Yameen turning Maldives into dictatorship, but will China support it?
Dhaka [Bangladesh], Mar. 13 : Ever since embattled Maldivian President Abdulla Yameen imposed emergency on February 1, he has been slowly turning his country into his fiefdom.According to Abbas Faiz, an independent South Asia analyst and senior researcher at Amnesty International, the Maldives under President Yameen is an ideal place for Beijing where Chinese President Xi Jinping, (now possibly for life) could test out his apparent plans to pressure the world into a new order shaped by China's economic might.
Faiz stressed that China, being a dictatorship, has naturally preferred local autocrats in South Asia, offering them development incentives in place of the privileges they can return such as "the lease or freehold sale of parts of their territory to China's massive Belt and Road Initiative (BRI)."
This has allowed local leaders to consolidate their autocratic rule in a country, while another person "supposedly" takes charge to oversee that country's overall development.
Faiz explained that due to the so-called Look East policy, government leaders in South Asia, including the Maldives, have defied international concerns repeatedly on the suppression of democratic values and human right abuses, just like how Beijing had done for many decades.
China's closeness to governments in the region in recent decades, from Myanmar to Sri Lanka, from Bangladesh to Nepal and the Maldives has been coupled with more repression against the opposition, less respect for the rule of law, and politicisation of independent institutions such as election commissions, anti-corruption commissions, human rights commissions, and the judicial bodies, Faiz opined.

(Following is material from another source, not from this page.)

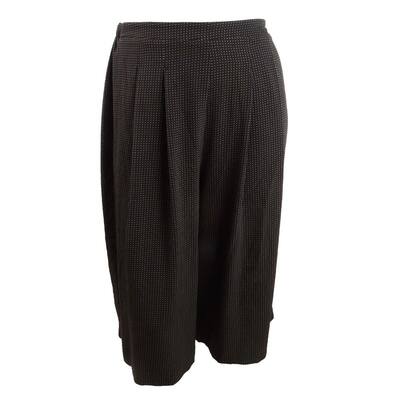 Anne Klein Women's Plus Size Pull-On Polka Dot Culottes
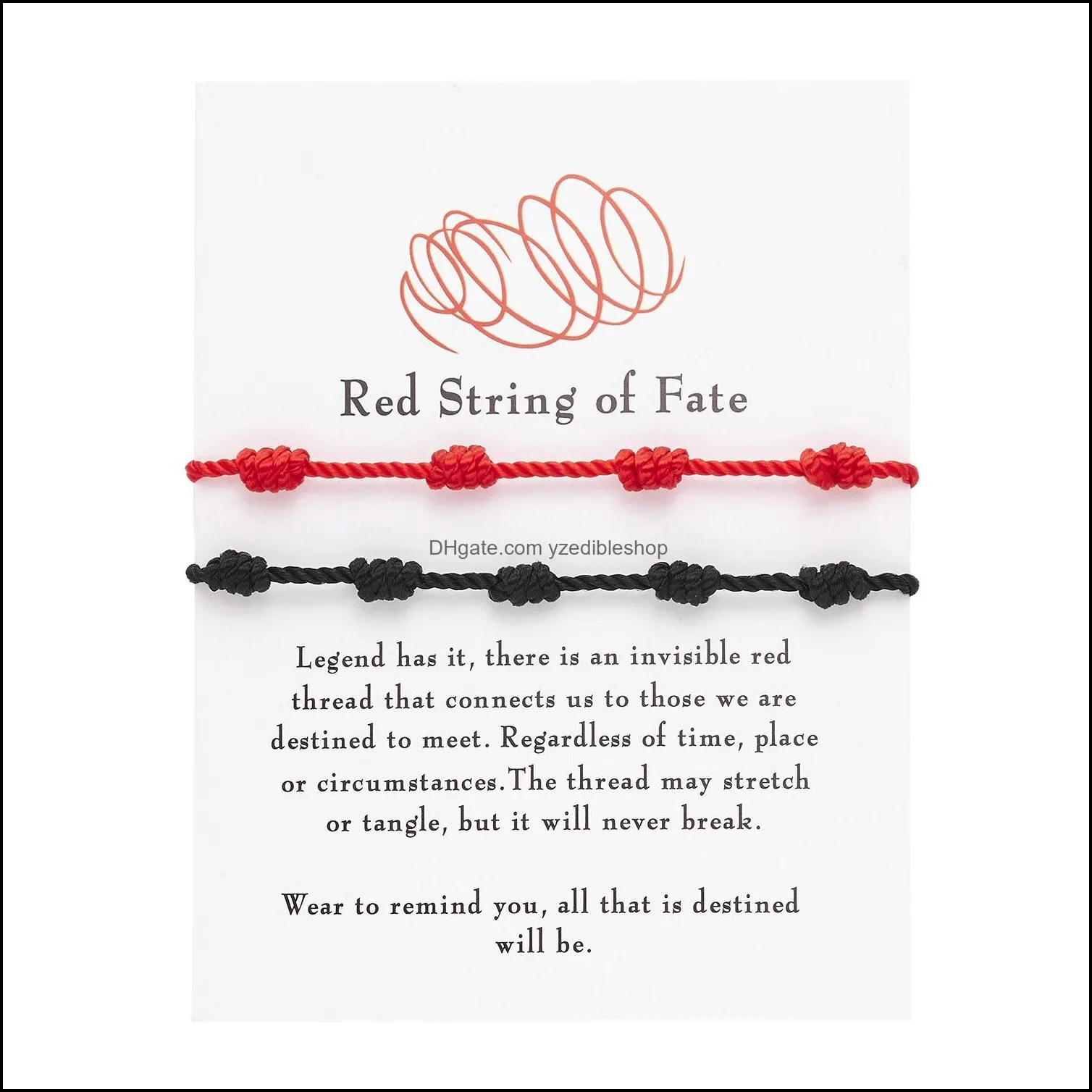 7 knots red black set string bracelet protection good luck amulet for success prosperity handmade rope bracelets lucky charm bangles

When President Yameen took office in 2013, his initial targets were his political opponents in the Maldivian Democratic Party (MDP) led by former President Mohamed Nasheed. He then arrested his opponents and had then sentenced to long terms of imprisonment under bogus charges.
The Maldivian Supreme Court under President Yameen's pressure blocked their release. President Yameen had "conveniently", said that he could not intervene because the court was "independent".

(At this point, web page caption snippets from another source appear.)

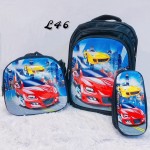 bolso de nin@ (L) (3pcs-bolso+lonchera+cartuchera)(largo=38cm-ancho=28cm)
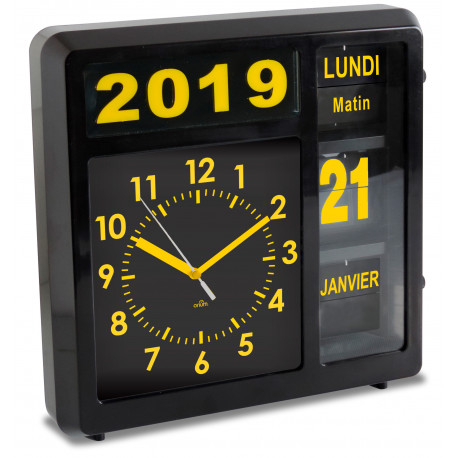 HORLOGE A DATE A VOLETS VISUAL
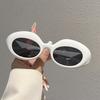 New Oval Sunglasses, Hip-Hop Street Style, Retro Fashion, Trendy Ins Versatile Sunglasses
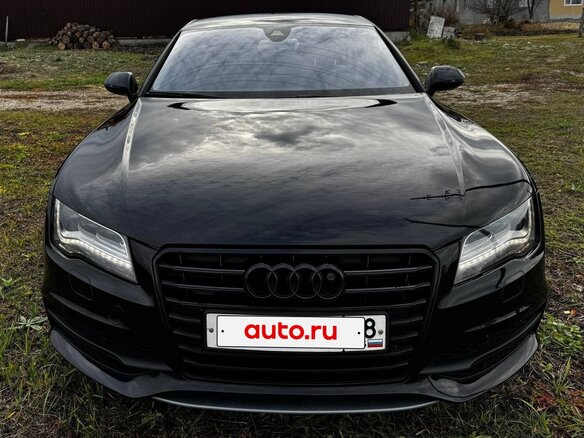 2011 Audi A7 I (4G), чёрный, 2200000 рублей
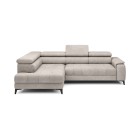 Narożnik CHIVAS L Lewostronny z Elektryczną regulacją siedziska wolnostojący tkanina Element 18 WERSAL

After President Yameen imposed emergency, he arrested the country's chief justice, a supreme court judge and his own half-brother and former Maldivian President Maumoon Abdul Gayoom. Though the emergency was imposed for 15 days, it was extended to 30 days on February 5.

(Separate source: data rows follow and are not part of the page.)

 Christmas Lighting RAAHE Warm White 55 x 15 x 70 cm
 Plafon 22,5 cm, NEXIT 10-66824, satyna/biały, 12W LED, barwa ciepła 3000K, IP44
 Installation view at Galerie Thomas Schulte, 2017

This was in breach of the constitution because it was passed by fewer MPs present than the required number, leading to protests by the opposition leaders.
India has been critical of the imposition of emergency in the Maldives and has expressed grave concerns on arrests of political leaders and extremely disappointed at the "delay in the resumption of the political process and the continuing suspension of the functioning of democratic institutions including the judiciary".
However, China has steered clear of criticising President Yameen and said, "The situation in the Maldives was an internal affair of the island nation, which should be resolved by relevant parties in the Maldives through dialogue and negotiation".
Nasheed had requested New Delhi to send its military forces to intervene and to restore democracy in the Maldives.
However, Beijing has warned that it "firmly opposes outside interference" and will "take necessary measures to stop India if New Delhi moves to intervene militarily." This came at a time when China itself has been accused of planning to build a foreign naval base in the Maldives.
Faiz concluded that since China is a socialist dictatorship country, it cannot support Yameen for his autocratic rule and might be open to persuading him to step back. This has made New Delhi's intentions clear and puts them in a stronger position to seek China's agreement for respect of the rule of law and the release of political prisoners in the Maldives.